[Start of section]
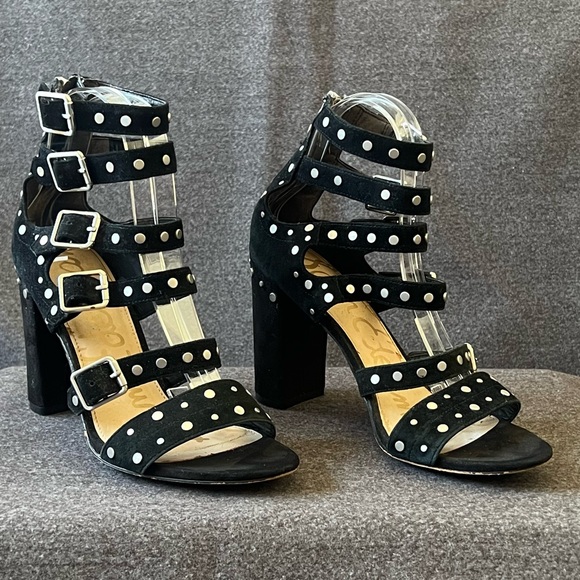⭐️ Offer B2G2! BUY 2 GET 2 FREE!
Sam Edelman Studded Buckle High Heels - Picture 5 of 13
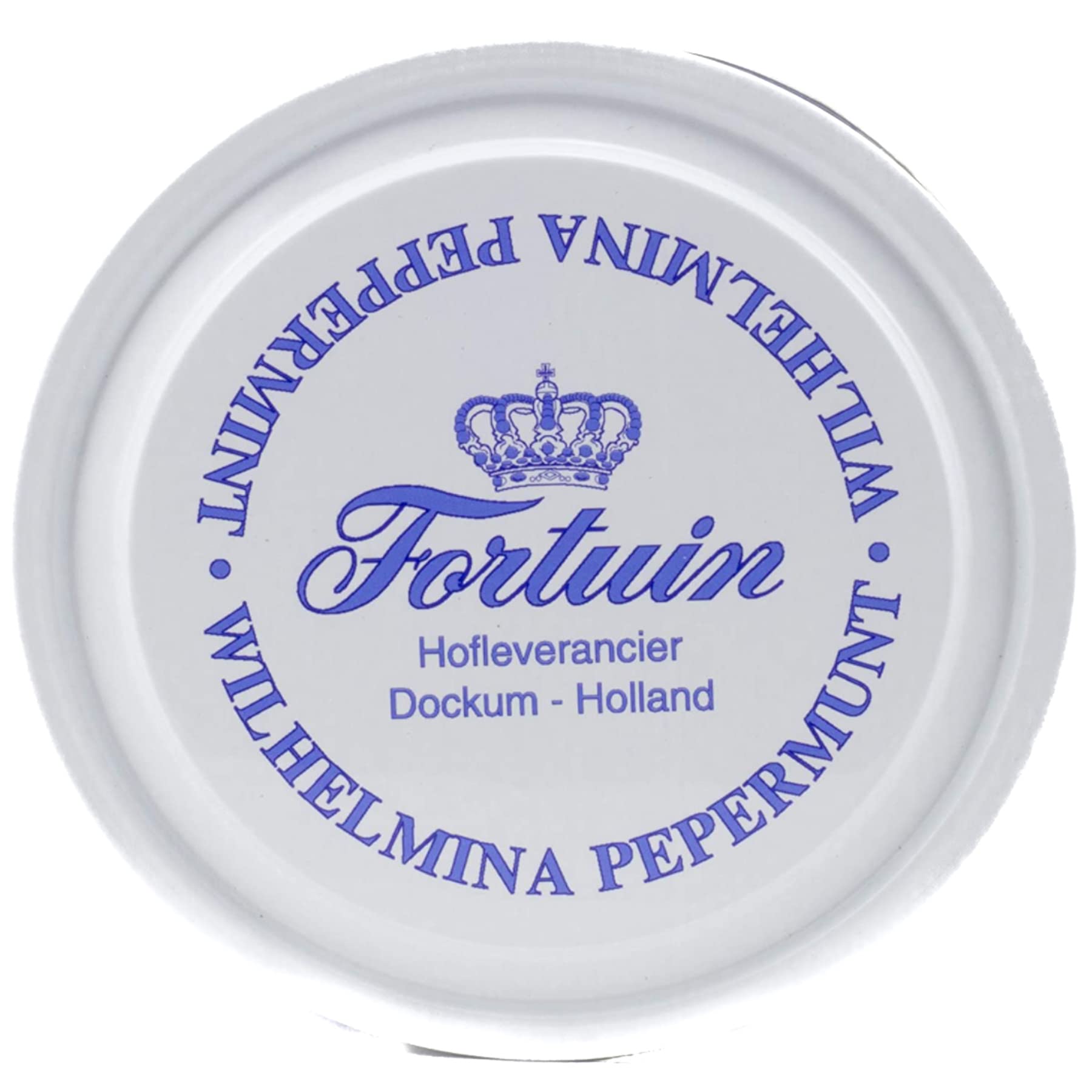 Wilhelmina Peppermints - 17.6oz Holland Design Tin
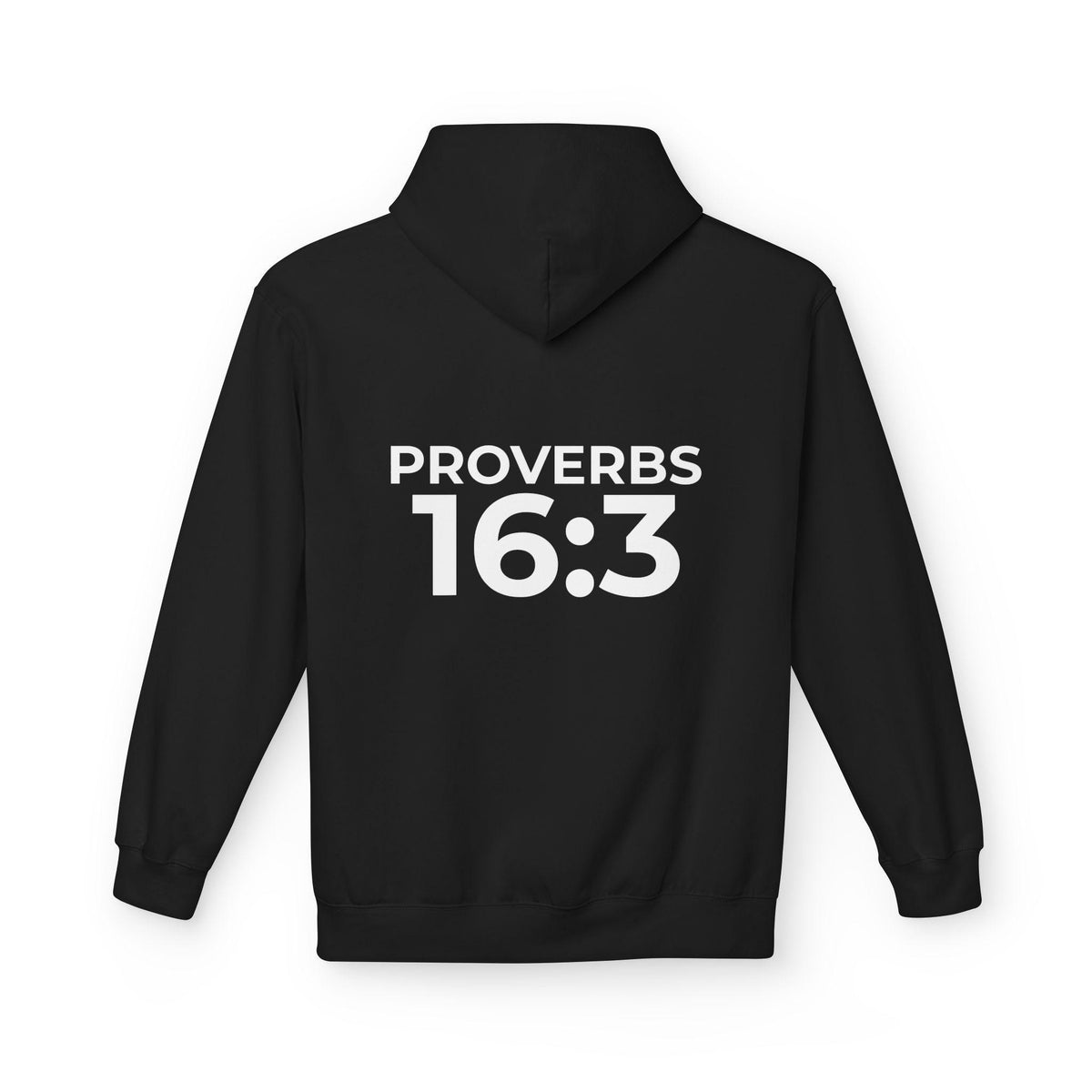 Kingdom CEO Christian Hoodie | Proverbs 16:3 Bible Verse Hoodie | Faith-Based Entrepreneur Sweatshirt | Christian Business Owner Apparel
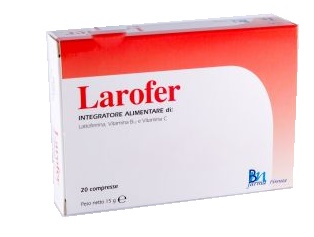 LAROFER 20 COMPRESSE - Gruppofarmastore.it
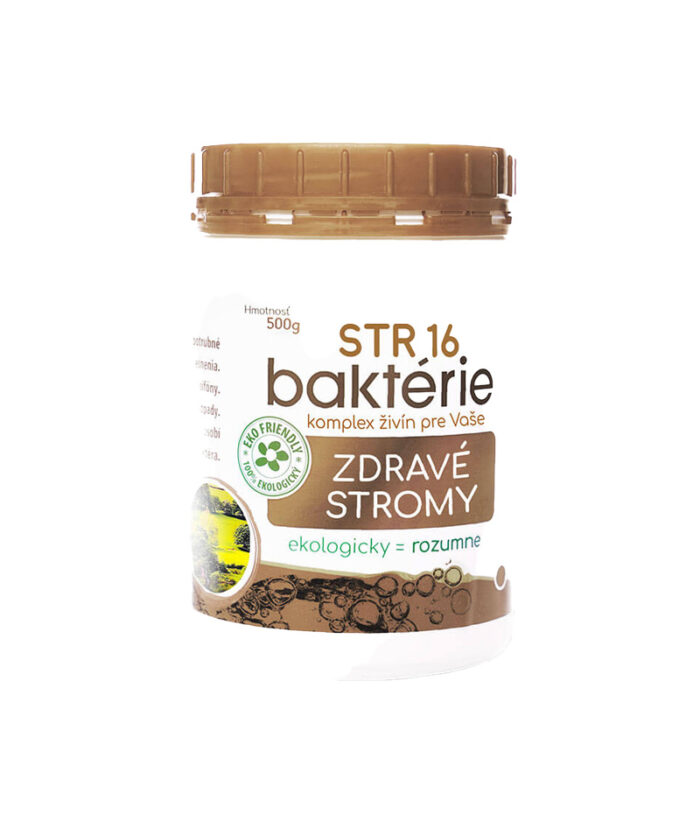 Baktérie pre zdravé stromy 500g – prírodný bioenzymatický výrobok podporujúci kolobeh živín v pôde a pôdne minerály prístupnejšie pre Vaše zdravé stromy.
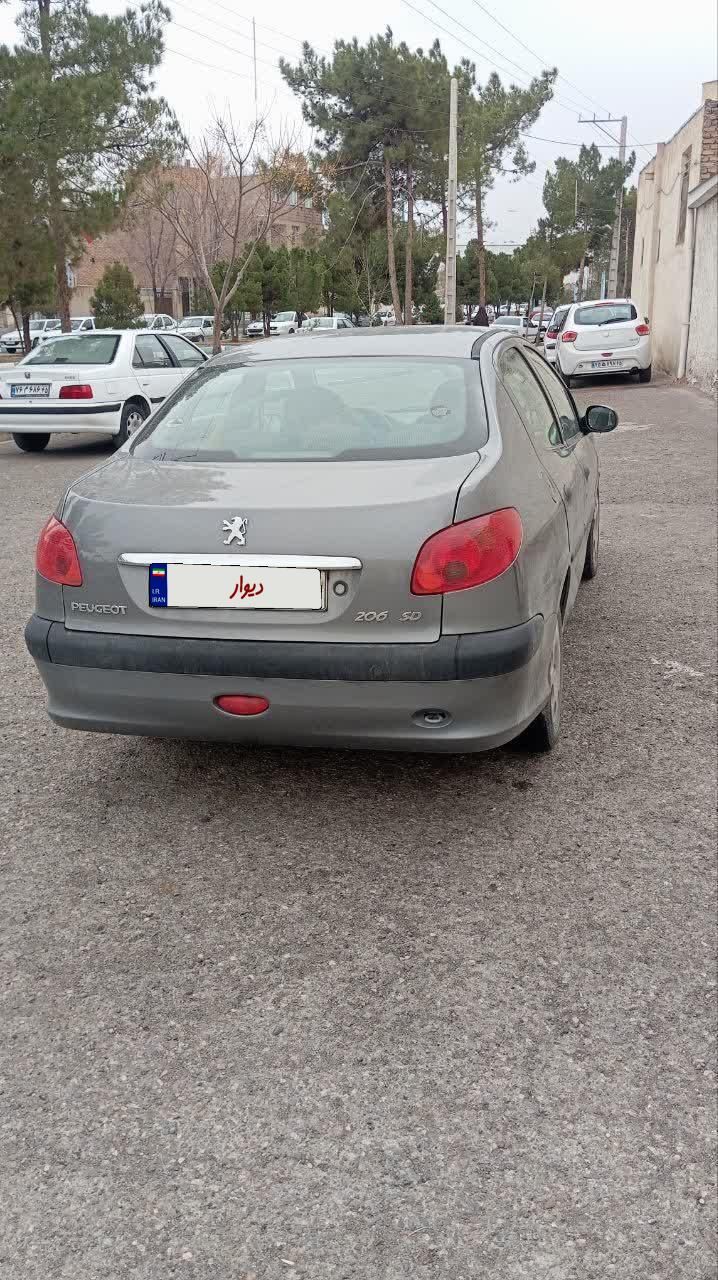 پژو 206 SD v8 - 1394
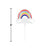 Balloon Cake Topper | Rainbow - Stesha Party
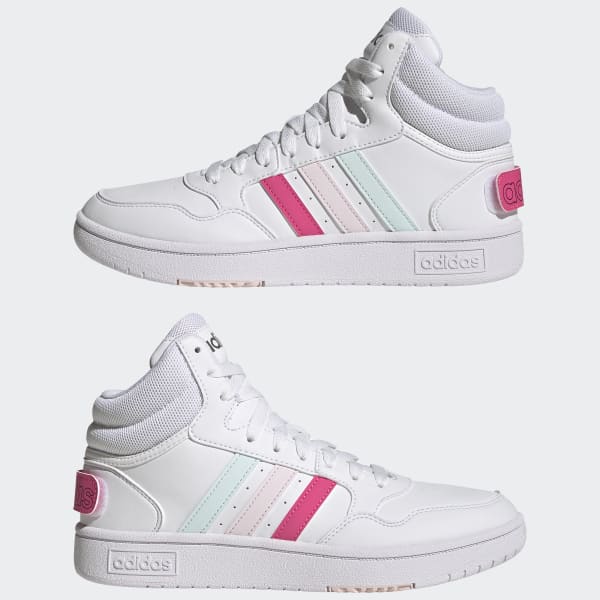 3.0 Mid Classic World Day Shoes - White | Women's Lifestyle | adidas US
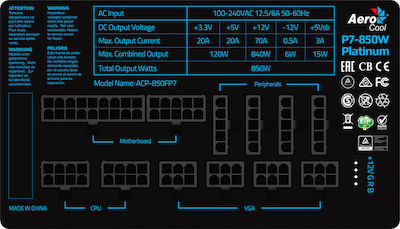 Aerocool P7-850W Platinum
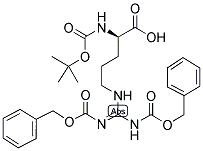 BOC-D-ARG(Z)2-OH結構式_145881-13-6結構式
[End of section]
- [Task description]: Please transcribe exactly the lines from the one containing "پژو 206 SD v8 - 1394" through the last line of the records above, both included, and leave out every picture.

- [Finished exercise]:
 پژو 206 SD v8 - 1394
 Balloon Cake Topper | Rainbow - Stesha Party
 3.0 Mid Classic World Day Shoes - White | Women's Lifestyle | adidas US
 Aerocool P7-850W Platinum
 BOC-D-ARG(Z)2-OH結構式_145881-13-6結構式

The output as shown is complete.